Sedge vs Black grey
Sedge (Cloverdale Paint) and Black grey (RAL Classic) come from different manufacturers. Hue-wise, Sedge belongs to the beige-greige family and Black grey to the blue-grey family. The 34-point LRV gap — 40 for Sedge vs 6 for Black grey — means Sedge will open up a space more effectively. A ΔE of 49.7 puts these firmly in different territory — two distinct design choices rather than close alternatives. Below you'll find 1 real-room photo comparison where both colors appear side by side, plus 5 simulated room previews.

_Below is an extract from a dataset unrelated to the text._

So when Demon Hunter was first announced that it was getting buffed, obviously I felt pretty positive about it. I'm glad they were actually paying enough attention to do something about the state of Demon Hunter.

Sedge vs Black grey in Real Spaces
1 real room side by side. Seeing Sedge and Black grey in actual rooms makes the difference concrete; browse the spaces below to get a feel for how each color lives on a wall.
Living Room
A living room wall sees more varied light than almost any other surface in the house, which makes the choice between these two more nuanced than a chip suggests. Sedge reflects noticeably more light off the walls, making the space read more open than Black grey.
Color Details
Sedge vs Black grey Simulated Comparison
5 simulated room previews — drag the slider on each to see Sedge on one side and Black grey on the other.

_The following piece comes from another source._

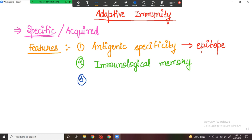The next feature is diversity. Diversity means that adaptive or acquired immunity can respond to diverse types of epitopes. It can respond to many epitopes even if they differ by a single amino acid. Since the antigen is made up of epitopes, if even a single amino acid differs, adaptive immunity is still able to respond and recognize that diversity of epitopes.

Digital color is approximate. These simulations are generated from the manufacturer's hex values and overlaid on grayscale room photos — your screen's calibration, brightness, and viewing angle all affect how they render. Before committing to either color, test physical samples in your own space under the light you actually live with.
More Sedge comparisons
See how Sedge stacks up against other well-photographed colors across different brands and tones.